The other possibility is that there is, indeed, something going on.

In other words, promotion and gender are dependent, there is gender discrimination.

Observed difference in proportions, that's the proportions of promotions

between males and females, is not due to chance.

That is what we call our alternative hypothesis.

So how did we finally make the decision?

Remember that we actually did a simulation based

inference where we simulated the experiment under

the assumption of the null hypothesis being true.

In other words, under the assumption of independence.

In other words, leaving everything up to chance.

And at each simulation, we calculated the difference between the

proportion of promotions in the observed data, that difference was 30%.

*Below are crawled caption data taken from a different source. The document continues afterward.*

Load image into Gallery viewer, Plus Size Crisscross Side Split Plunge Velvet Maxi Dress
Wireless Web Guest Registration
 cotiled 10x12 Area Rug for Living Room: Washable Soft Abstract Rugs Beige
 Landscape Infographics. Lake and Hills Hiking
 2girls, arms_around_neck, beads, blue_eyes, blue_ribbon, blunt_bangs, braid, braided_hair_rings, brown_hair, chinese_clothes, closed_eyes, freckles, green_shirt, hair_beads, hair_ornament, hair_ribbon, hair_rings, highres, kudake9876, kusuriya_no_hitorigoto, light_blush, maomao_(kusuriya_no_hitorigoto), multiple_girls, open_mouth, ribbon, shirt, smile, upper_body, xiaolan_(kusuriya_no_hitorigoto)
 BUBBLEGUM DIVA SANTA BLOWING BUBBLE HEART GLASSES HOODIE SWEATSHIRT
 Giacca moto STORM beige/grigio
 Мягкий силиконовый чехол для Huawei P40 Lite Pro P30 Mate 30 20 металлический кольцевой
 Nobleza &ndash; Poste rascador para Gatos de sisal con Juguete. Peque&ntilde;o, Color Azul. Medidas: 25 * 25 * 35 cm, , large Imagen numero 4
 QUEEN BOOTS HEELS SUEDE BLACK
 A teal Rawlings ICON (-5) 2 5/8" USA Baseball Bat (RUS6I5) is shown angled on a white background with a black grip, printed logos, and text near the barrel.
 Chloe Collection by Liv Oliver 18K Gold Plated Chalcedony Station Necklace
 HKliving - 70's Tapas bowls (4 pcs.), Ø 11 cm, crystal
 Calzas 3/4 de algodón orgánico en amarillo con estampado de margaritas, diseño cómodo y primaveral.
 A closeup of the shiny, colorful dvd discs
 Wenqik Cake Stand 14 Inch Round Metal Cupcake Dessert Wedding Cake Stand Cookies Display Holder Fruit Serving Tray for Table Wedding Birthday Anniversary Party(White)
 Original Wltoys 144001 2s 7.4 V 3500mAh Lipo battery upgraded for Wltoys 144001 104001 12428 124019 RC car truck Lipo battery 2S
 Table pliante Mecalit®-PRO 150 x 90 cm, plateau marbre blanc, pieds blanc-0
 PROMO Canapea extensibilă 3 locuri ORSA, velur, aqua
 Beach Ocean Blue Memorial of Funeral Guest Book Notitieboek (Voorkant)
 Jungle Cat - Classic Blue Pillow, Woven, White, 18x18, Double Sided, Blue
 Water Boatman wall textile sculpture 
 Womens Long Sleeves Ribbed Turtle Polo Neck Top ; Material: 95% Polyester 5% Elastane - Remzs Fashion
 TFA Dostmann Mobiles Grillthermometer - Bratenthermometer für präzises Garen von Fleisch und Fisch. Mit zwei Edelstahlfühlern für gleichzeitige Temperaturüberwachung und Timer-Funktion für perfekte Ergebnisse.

That's the 88% for the males, minus the 58% for the females.

And then we looked to see, does 30% appear to

be a usual outcome when we leave things up to chance?

Or does it not?

Each one of these dots here in the dot plot represents a

one simulated difference between the proportions

of males and females getting promoted.

30% does not seem like a usual outcome. In fact, it's quite unlikely to

obtain a result like the actual data,

or something even more extreme in these simulations.

More extreme meaning or something in the data meaning male

promotions being 30% more or even higher than female promotions.

Therefore we had decided to reject the

null hypothesis in favor of the alternative.

So to reminder ourselves of the framework.

We start with a null hypothesis that we usually

call it H naught and that represents our status quo.

And we also have an alternative hypothesis our HA that

represents our research question, in other word, what we're testing for.

We conduct a hypothesis test under the

assumption that the null hypothesis is true, either

via simulation, that's what we did at the

end of unit one, or using theoretical methods.

Methods that rely on the central limit theorem and

that's what we're going to do in this unit.